Pappe'nin şu müşahedesi sevindiriciydi:

Gazze'ye yardım projesi kapsamında Marmara gemisi olayı ile Türkiye, politikasının samimiyetini gösterdi. Şöyle ki, bölgede son 20 yıldır ilk defa bir ülkenin politikacıları ve sivil kamuoyu tam bir fikir birliği içinde hareket ettiler. Bu, Filistin kamuoyunun değerlendirmesi olmaktan da öte bir önem taşıyor. AB ve ABD bunun tam aksi istikamette davrandılar ve davranıyorlar. Hiçbiri Türkiye kadar olamadı.

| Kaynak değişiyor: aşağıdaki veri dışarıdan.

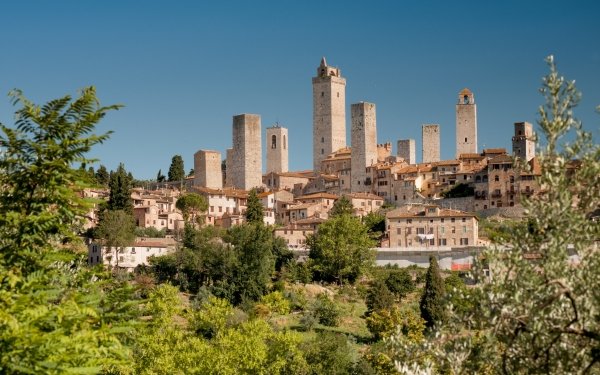 Man Made Town Towns Tower Italy Tuscany San Gimignano HD Wallpaper | Background Image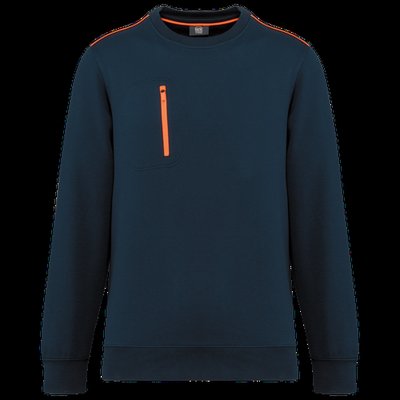 Sudadera unisex con bolsillo a zip Navy / Fluorescent Orange 5Xl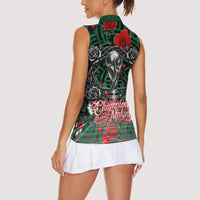 Mexico Football Golden Eagle Champions Women Sleeveless Polo Shirt Aztec Geometric Pattern Red Rose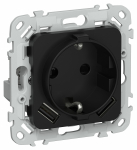 FLITE Роз.с з/к/ш 16А USB AA 3,1А РСЮша11-0-ФлЧ чер. IEK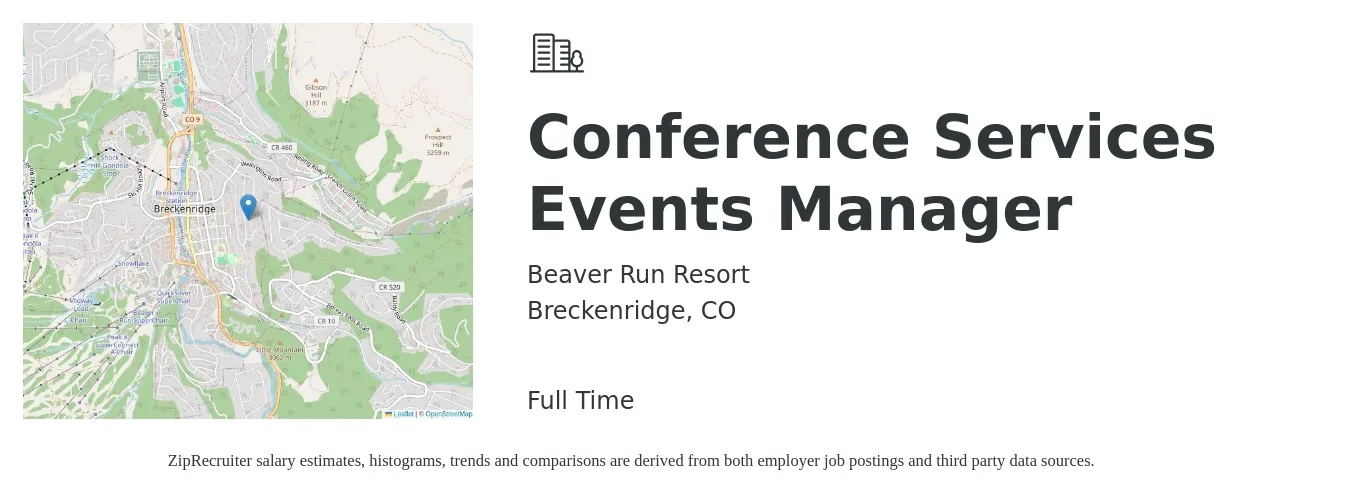 Beaver Run Resort job posting for a Conference Services Events Manager in Breckenridge, CO with a salary of $57,000 to $80,200 Yearly with a map of Breckenridge location.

Tam burada şunu da atlamamak lazım. Pappe, İsrail hükümetince persona non grata (istenmeyen adam) ilan edilmiş. Yani İsrail Türkiye'ye kıyasla çok ama çok daha radikal, kritik düşünceye, kritik düşünüre karşı. Biz bugün Türkiye'de bütün düşünürlerimizle, bütün akademisyenlerimizle ve politikacılarımızla bir Ermeni katliamı konusunu iyi kötü rahatça konuşabiliyor, tartışabiliyoruz.

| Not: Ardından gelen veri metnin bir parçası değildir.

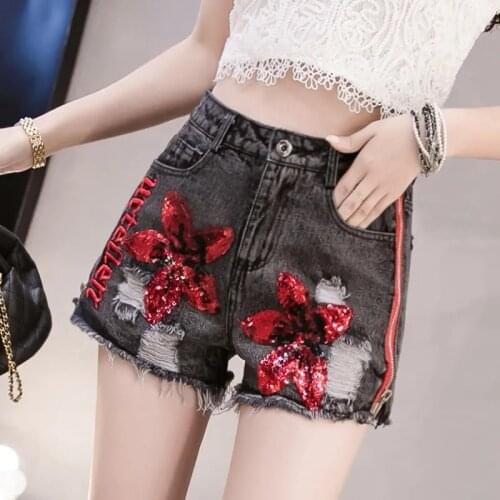 Heavy Industry Sequins Embroidered High Waist Jeans Shorts Women Summer Korean Zipper Split Denim Shorts Women Jean Femme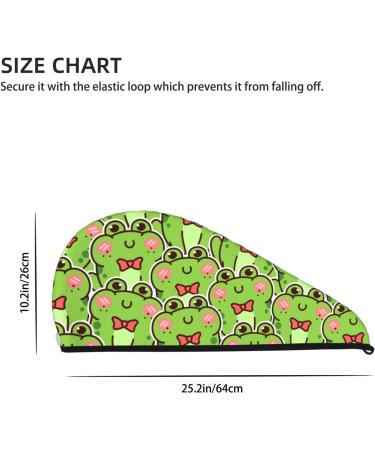 Buy Cute Green Frog Microfiber Hair Towel - Soft Super Absorbent Quick Dry Wrap for Long Curly & Thick Hair - Buy Online on GoSupps.com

Summa summarum: Büyük bir imparatorluğun mirasçısı olması, çağdaşlaşma hamlelerinin yaklaşık iki yüz yıllık bir geçmişi bulunması, Osmanlı'nın, yaşadığı yenilgilerden sonra kendisini yenenlerin teknolojisine ilgi göstermesi, Batı'yla ilişkilerinin çok yoğun olması, İkinci Dünya Savaşı'ndan sonra demokrasi taklidi bir sisteme geçmek zorunda kalması, AK Parti'nin Avrupa Birliği'ne uyum çerçevesinde büyük hukuksal adımlar atması, dünyayla sağlam bağlar kurması, bizi, diğer Ortadoğu ülkelerinden ayırıyor. AK Partili Türkiye'nin ''Doğuya dönmesi'' olanaksız. Türkiye hangi partisiyle olursa olsun Batı'ya dönmeye hep gebe olarak kalacak. Anayasa değişiklikleri kapsamında AK Parti'ye şeriatçılığa yol açtığı, Atatürk'ü anayasadan kazıdığı gibi iler tutar yanı olmayan çok şiddetli saldırılar yönelten Türkiye'nin neo-laikleri yataklarında rahat uyuyabilirler. Ve tabii AB'nin neo-milliyetçileri de.